Replacing " " space with "" nothing using gsub( " ", "", chr)

72 Views Asked by At

Here is the format of my data, imported from a CSV.

print(donnees_ventes3$V8[1:10])
 [1] "0,00000"     "0,00000"     "0,00000"     "0,00000"     "0,00000"     "0,00000"     "4,22476"     "0,00000"     "1 086,16998" "0,00000"

I'm changing the "," for "." successfully but when getting to remove the space between the thousand and the hundred, it's not working.

Here is what I tried:

gsub(" ", "", donnees_ventes3$V8)
gsub(" ", "\\", donnees_ventes3$V8)
gsub("\\ ", "\\", donnees_ventes3$V8)
gsub("\\ ", "", donnees_ventes3$V8)
gsub("\\  ", "\\", donnees_ventes3$V8)` #thought there might be two space. 

Also tried:

str_replace_all(donnees_ventes3$V8,” “, “”)

I can't give a reproducible example as I tried creating an example vector:

exemple <- c("0,00000", "0,00000", "0,00000", "0,00000", "0,00000", "0,00000", "4,22476", "0,00000", "1 086,16998", "0,00000")

for which the gsub(" ", "", exemple) works and changes the 9th data for "1086,16998"

It means it has something to do with importing the csv and the format of the " " blank space. Here is how I import it:

read.csv("csv path", encoding="UTF-8", header=FALSE)

Might it might be the encoding?

Anyone has a clue about whats wrong here?

1

There are 1 best solutions below

2
SamR On

All that is spacy is not whitespace

Base R functions like gsub() use POSIX Extended Regular Expressions (when perl=FALSE).

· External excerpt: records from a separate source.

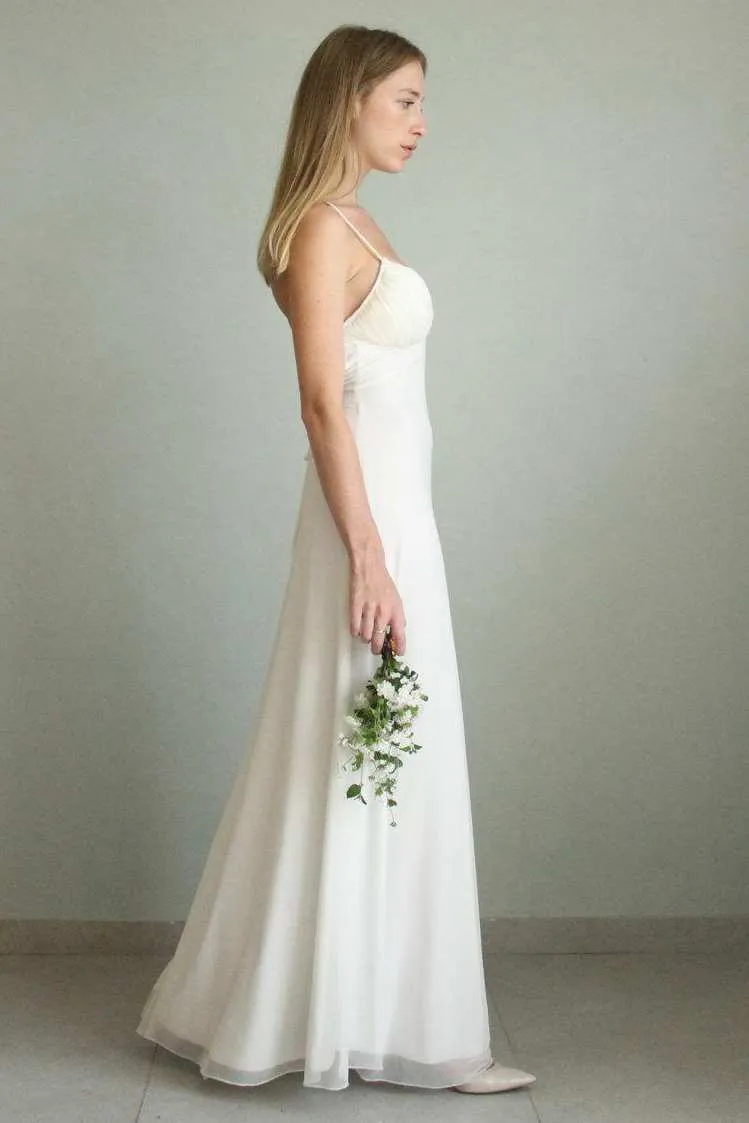 Floor-Length Spaghetti Chiffon Tiers Wedding Dress-715101
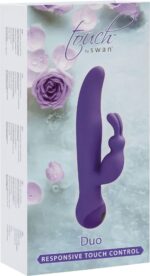 Вібратор-кролик з сенсорним управлінням і ротацією Touch by SWAN - Duo Purple, глибока вібрація - Зображення 9
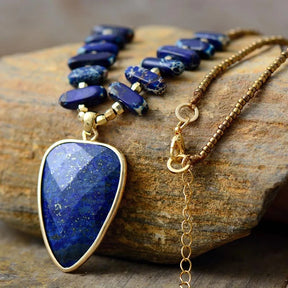 Lapis Lazuli Pendant Bohemian Necklace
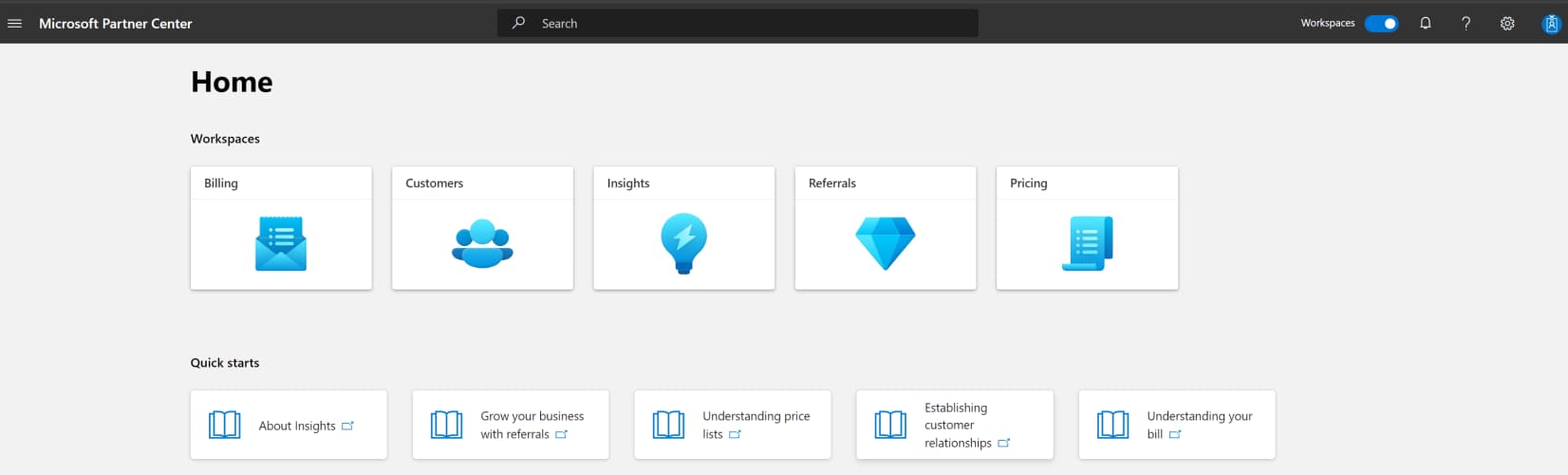 Microsoft Partner Centre dashboard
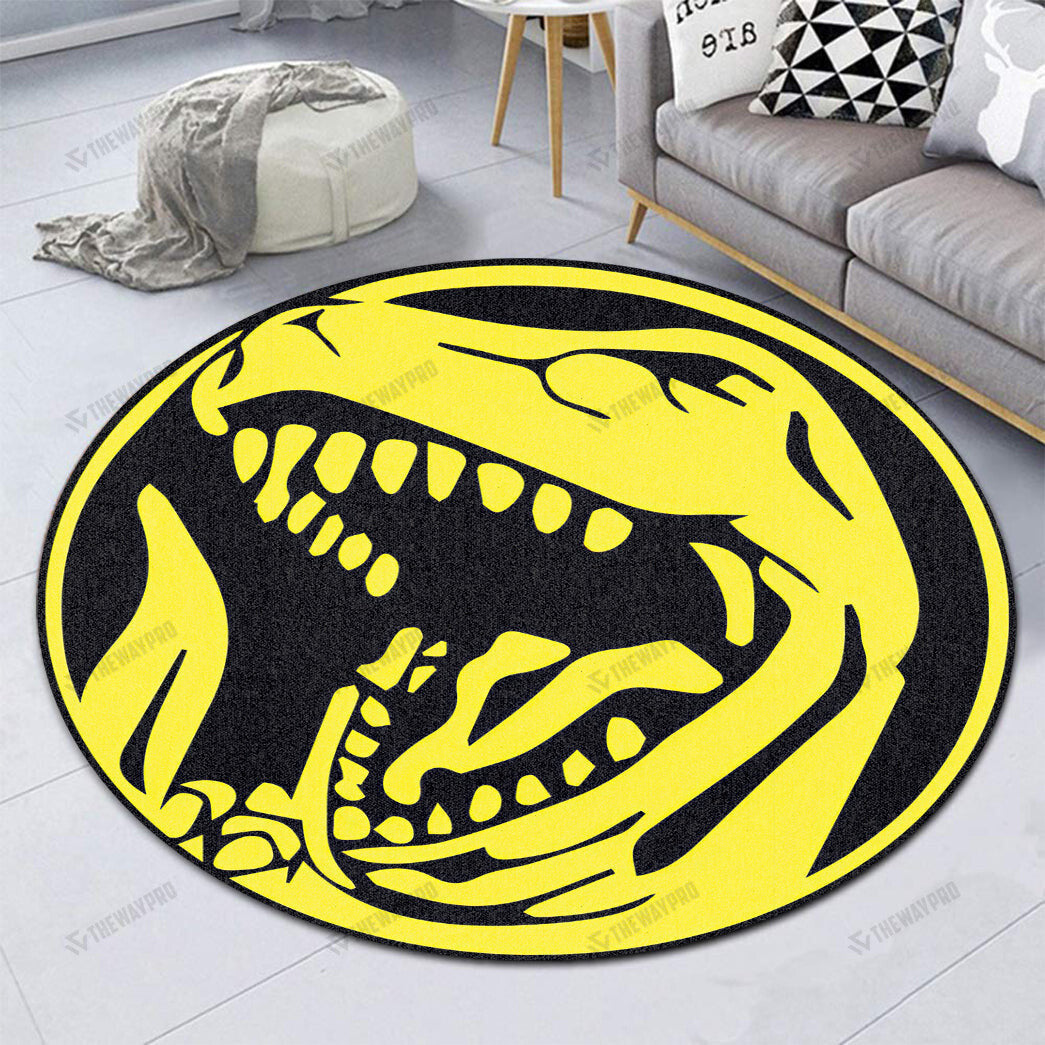 Mighty Morphin Power Rangers Tyrannosaurus Custom Round Carpet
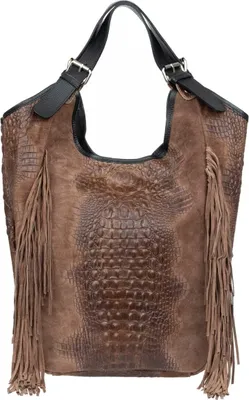 Produktbild von Vezze Nativo Croco Damentasche – Shopper aus Wildleder, A4-Format, Fransen, Schultertasche mit Henkeln Beige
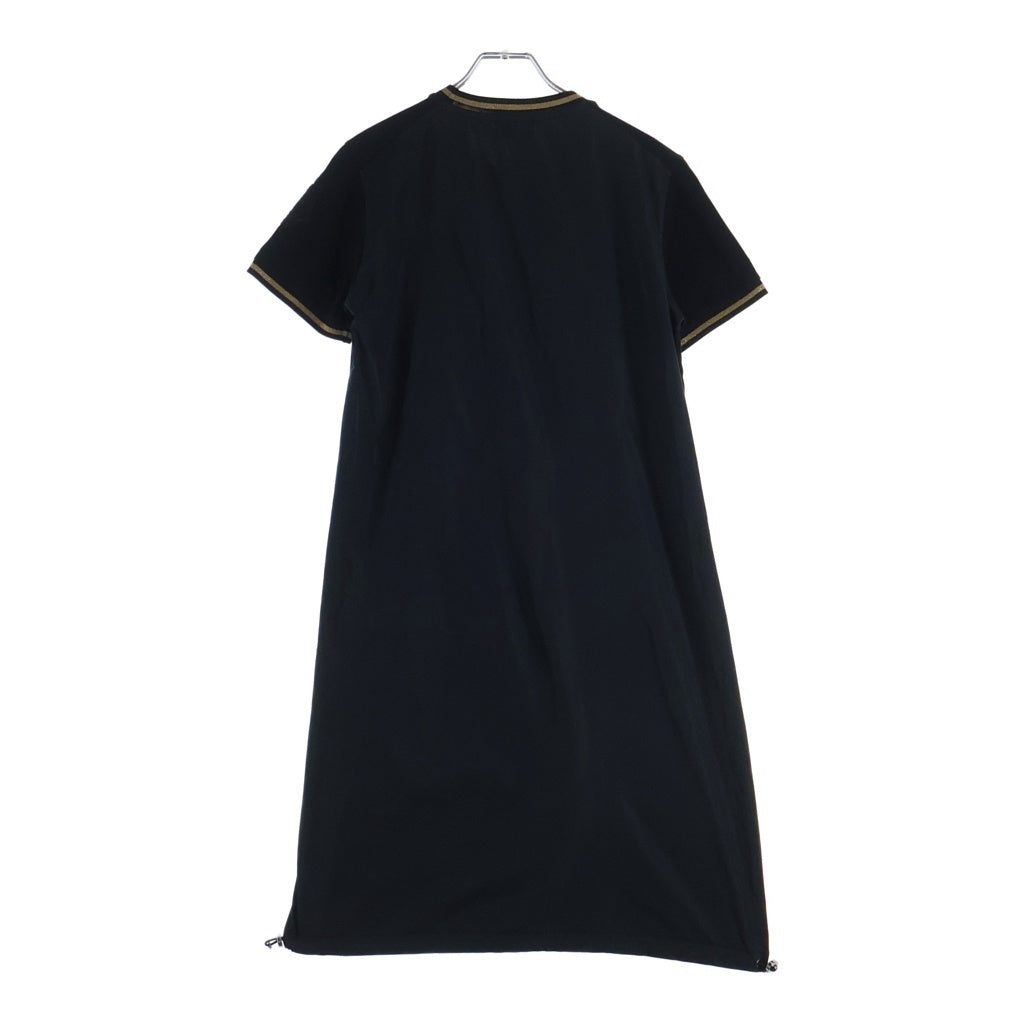 MONCLER(モンクレール) ABITO 半袖ナイロンワンピース ブラック×ゴールド XS F20938I71700 レディース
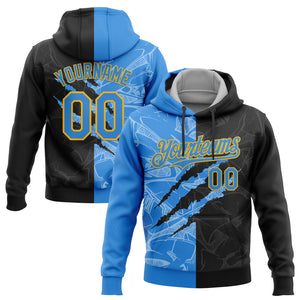 Custom Stitched Graffiti Pattern Black Powder Blue-Gold 3D Scratch Sports Pullover Sweatshirt Hoodie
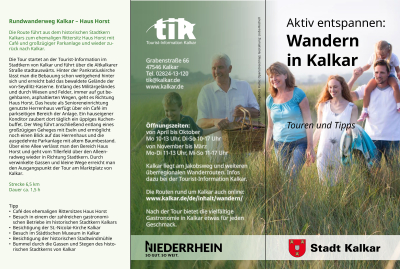 Wandern in Kalkar Wandern in Kalkar - Flyer mit der Beschreibung von vier verschiedenen Rundwanderrouten unterschiedlicher Länge
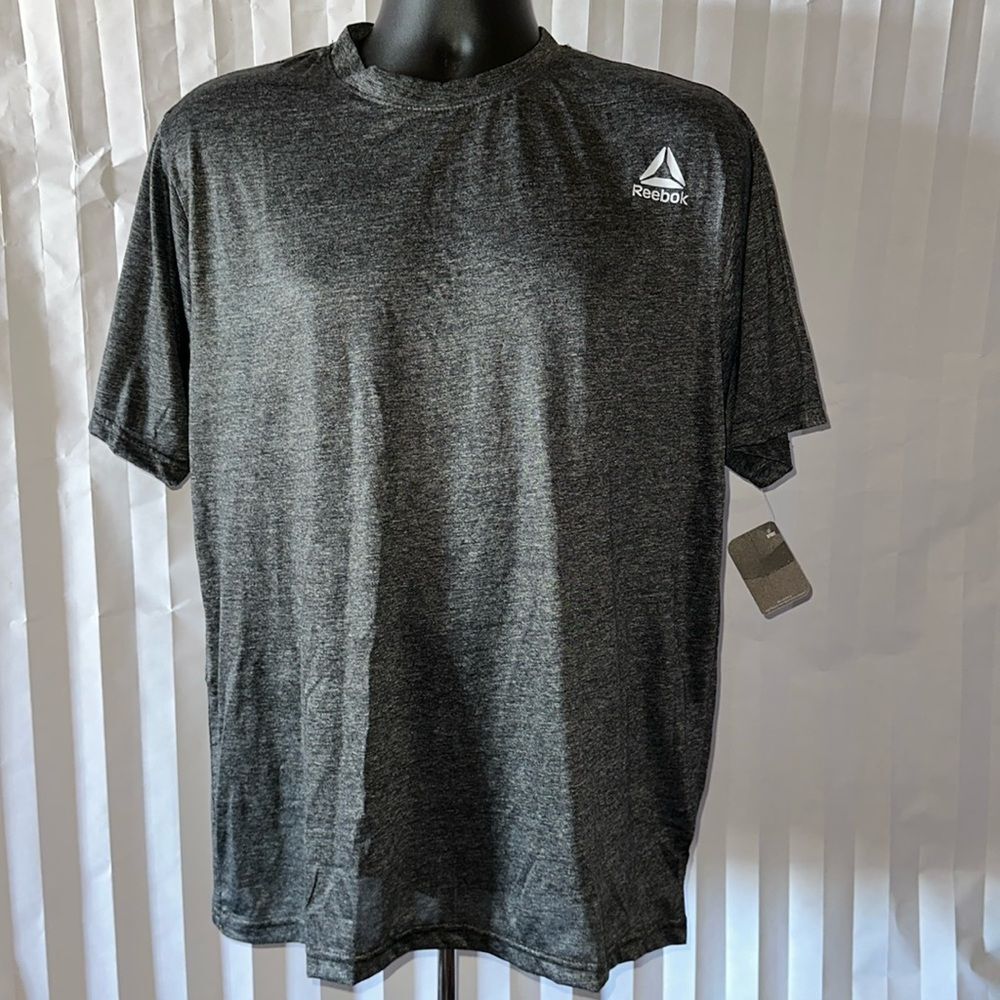Reebok Men’s Black/Gray Short Sleeve T-Shirt Size XL Athletic Workout Tee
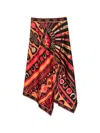 Pucci Printed Silk Skirt In Red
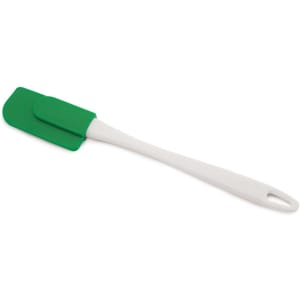 A green and white spatula with a silicone head and a long handle. It features a logo on the handle.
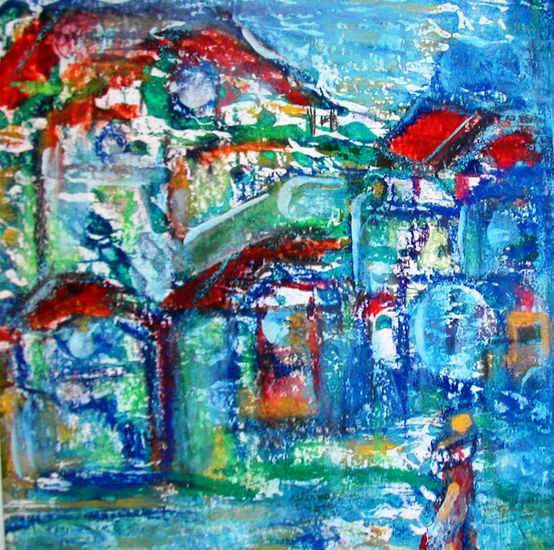 Orilla del mar y casas Mixed media Paper Marine Painting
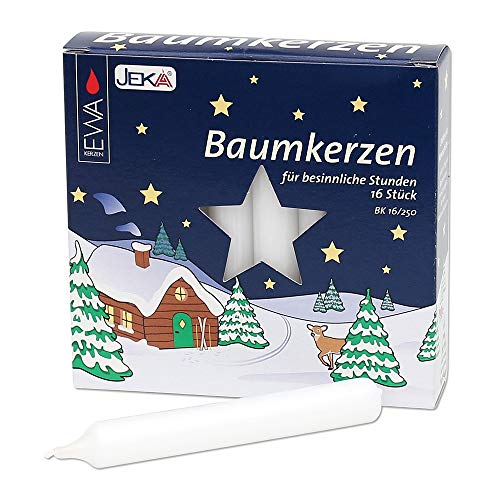 JEKA - Ebersbacher Kerzen 16er Baumkerzen weiß 14 cm x 14 cm x 115 cm, Unparfümiert, Minimalistisch, Indoor, Metallic Container, Wohnraumdekoration, Kerze JEKA - Ebersbacher Kerzen 16er Baumkerzen weiß 14 cm x 14 cm x 115 cm, Unparfümiert, Minimalistisch, Indoor, Metallic Container, Wohnraumdekoration, Kerze von Buosha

In these \s is defined as the character set [ \t\r\n\v\f], i.e. space, tab, carriage return, new line, vertical tab, form feed.

However, Unicode text can contain characters that print like a space but are not included in this set, such as No-Break Space (NBSP), i.e. \U00A0.

space  <- "This is a space"
not_space  <- "This\U00A0is\U00A0not"
print(space) # [1] "This is a space"
print(not_space) # [1] "This is not"

You cannot use "\\s" to replace these characters:

gsub("\\s", "", not_space)
# [1] "This is not"

Perl Compatible Regular Expressions (PCRE)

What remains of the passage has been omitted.